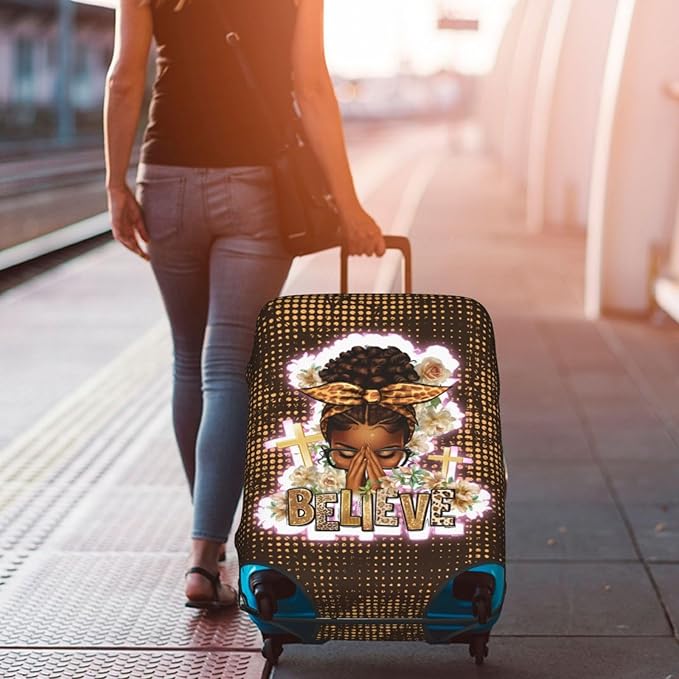 Travel Suitcase Protector African American Girl Elastic Protective Washable Luggage Cover With Concealed Zipper Suitable For 18-32 Inch(XL (for 29-32 inch luggage))
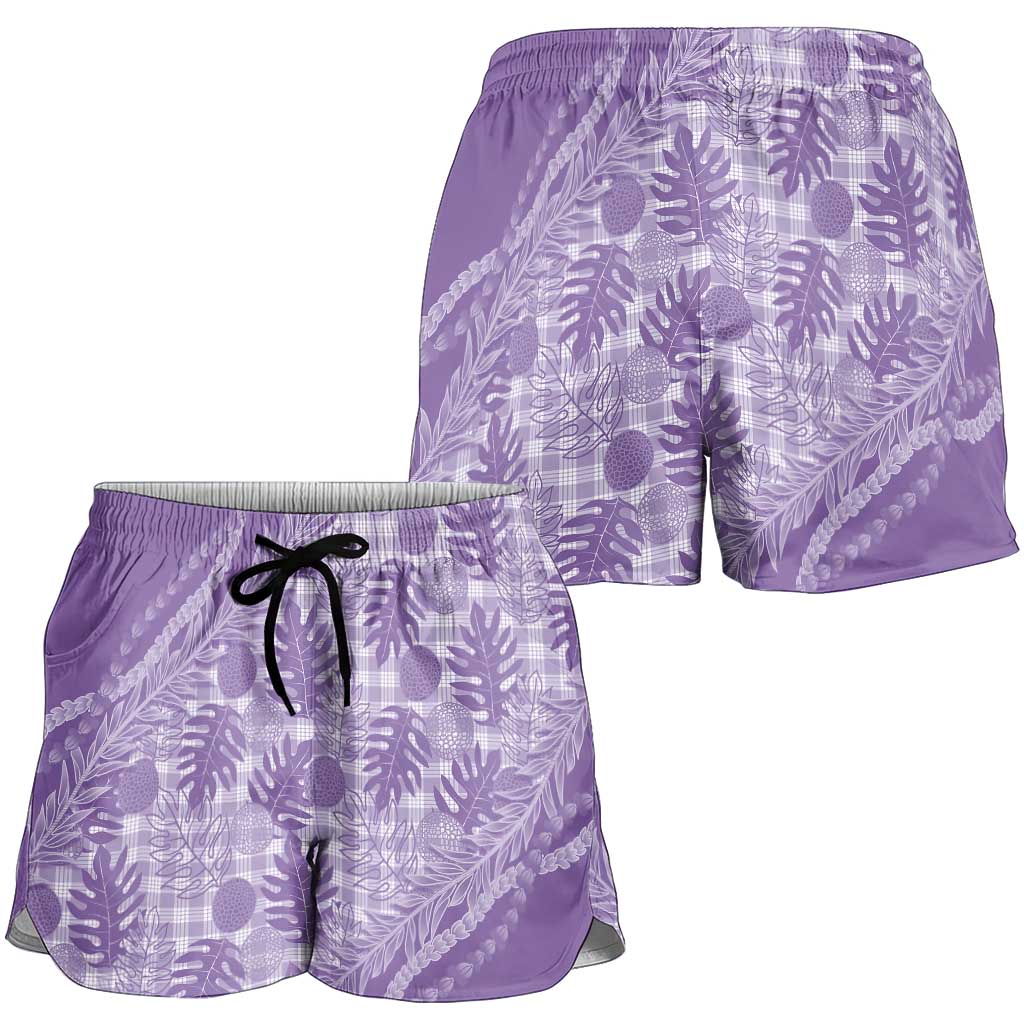 Hawaii Breadfruit Palaka Shorts for Women Poni Maile Lei LT9 - Polynesian Pride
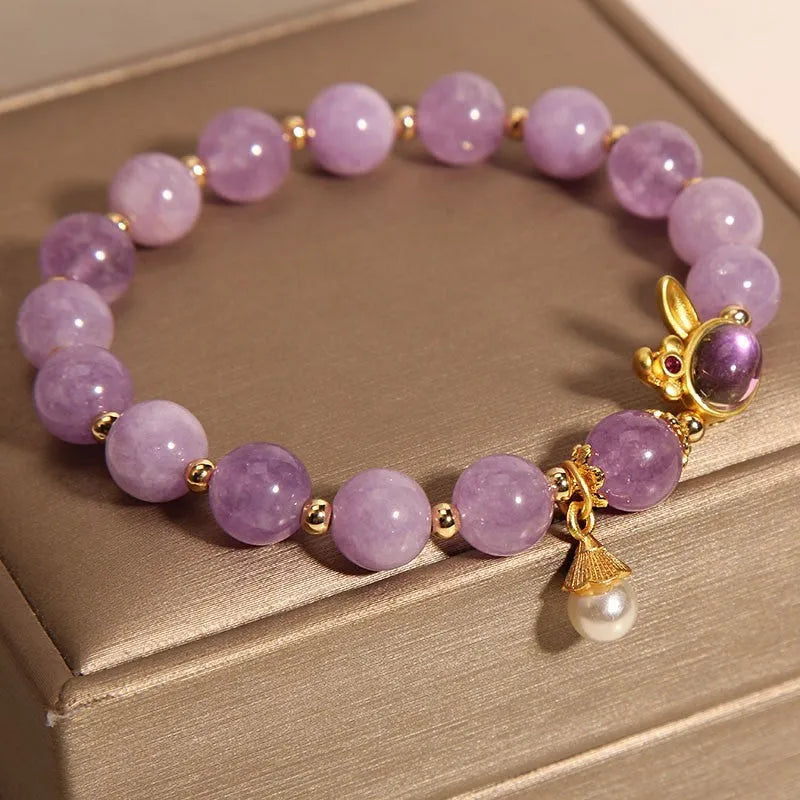 Mauve jade hare head charm bracelet with crystal band in Mori style design
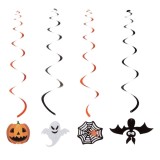 Decoratiuni suspendabile spiralate cu figurine de Halloween, 4 buc, 80 cm, CMCLASS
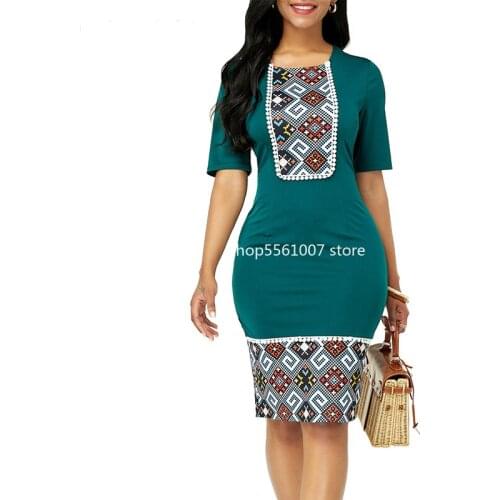 Autumn Winter Dress Women 2020 Casual Plus Size Slim Ethnic Print Office Pencil Dresses Elegant Sexy India Women Party Dress 5XL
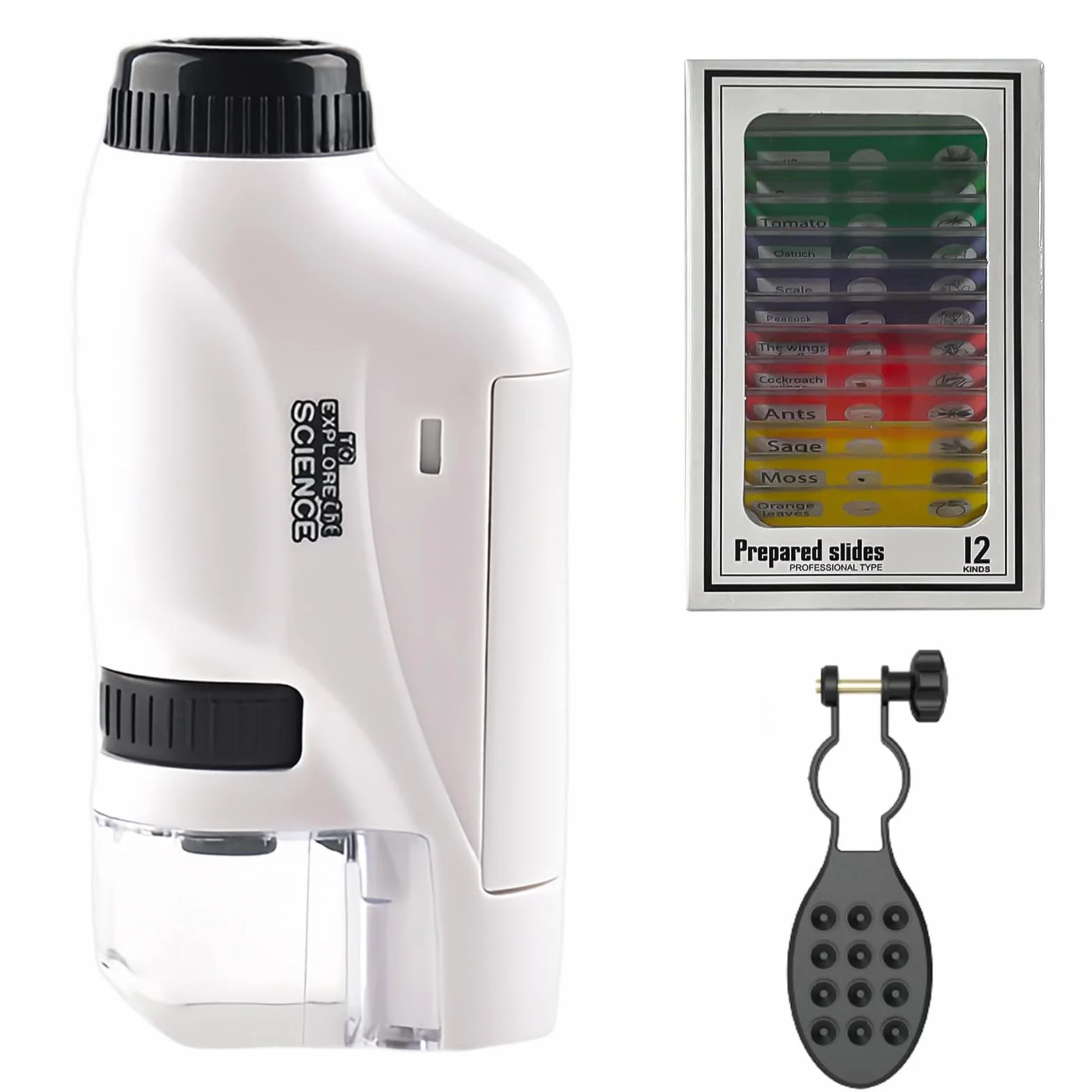 Microscopio Tascabile: Microscopio Tascabile per Bambini, Mini Microscopios Portatile con Luce LED 60X-120X per Bambini Studenti Adulti Laboratorio Domestico Scolastico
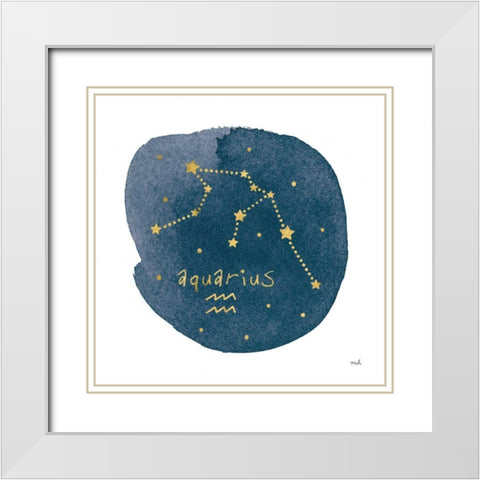 Horoscope Aquarius White Modern Wood Framed Art Print with Double Matting by Hershey, Moira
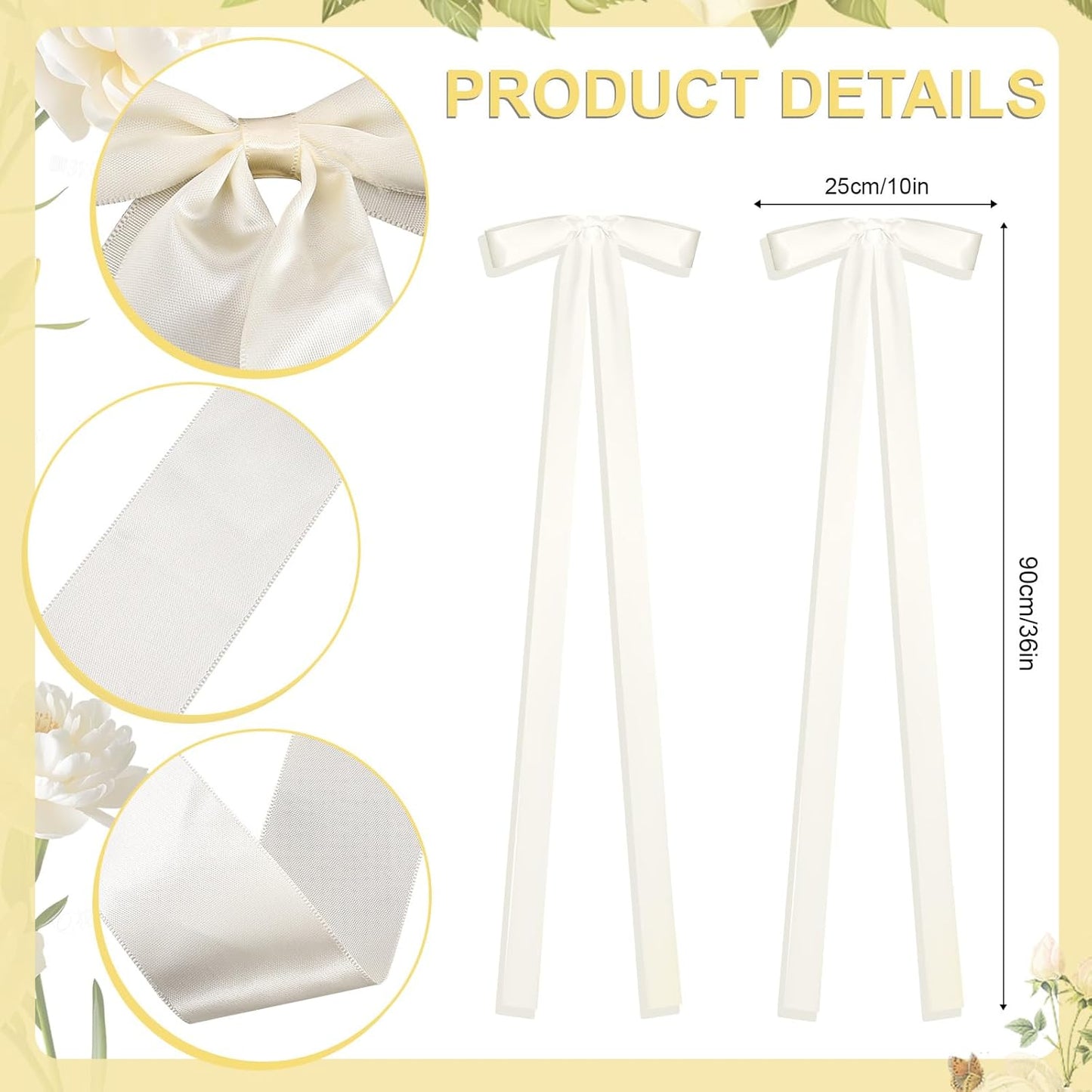 24 Pcs Large Wedding Ivory Ribbon Bows for Wedding Chairs Decorative Ribbon Sashes for Pew Back Elegant Ceremony Ribbons for Bridal Shower Banquet Marriage Ceremony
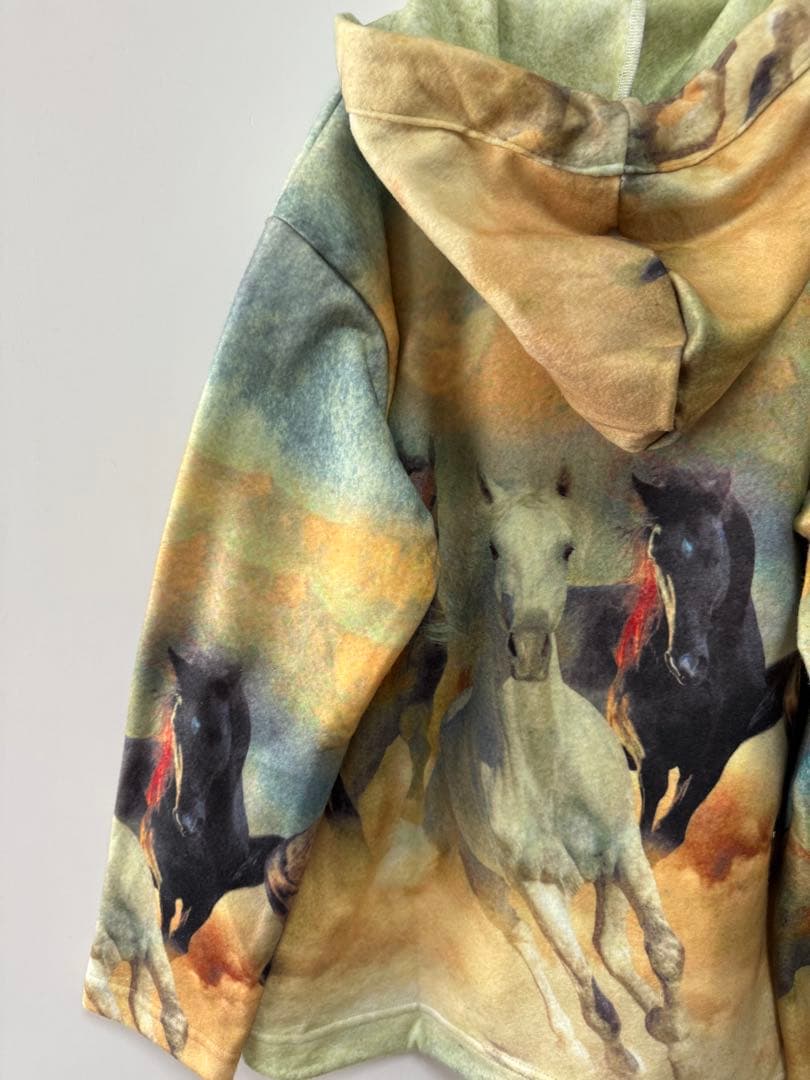 90s usa製 馬柄 ジップアップ フーディー スウェット itimi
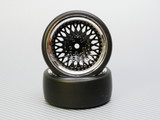 1/10 DRIFT Wheels 6MM Offset BLACK Mesh W/ Chrome LIP *4pcs*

TASK GOAL:
Retype all the entries word for word; the pictures stay out.

ANSWER BOX:
 Travel Suitcase Protector African American Girl Elastic Protective Washable Luggage Cover With Concealed Zipper Suitable For 18-32 Inch(XL (for 29-32 inch luggage))
 Hawaii Breadfruit Palaka Shorts for Women Poni Maile Lei LT9 - Polynesian Pride
 Mauve jade hare head charm bracelet with crystal band in Mori style design
 Decoratiuni suspendabile spiralate cu figurine de Halloween, 4 buc, 80 cm, CMCLASS
 Autumn Winter Dress Women 2020 Casual Plus Size Slim Ethnic Print Office Pencil Dresses Elegant Sexy India Women Party Dress 5XL
 Microscopio Tascabile: Microscopio Tascabile per Bambini, Mini Microscopios Portatile con Luce LED 60X-120X per Bambini Studenti Adulti Laboratorio Domestico Scolastico
 Horoscope Aquarius White Modern Wood Framed Art Print with Double Matting by Hershey, Moira
 24 Pcs Large Wedding Ivory Ribbon Bows for Wedding Chairs Decorative Ribbon Sashes for Pew Back Elegant Ceremony Ribbons for Bridal Shower Banquet Marriage Ceremony
 90s usa製 馬柄 ジップアップ フーディー スウェット itimi
 1/10 DRIFT Wheels 6MM Offset BLACK Mesh W/ Chrome LIP *4pcs*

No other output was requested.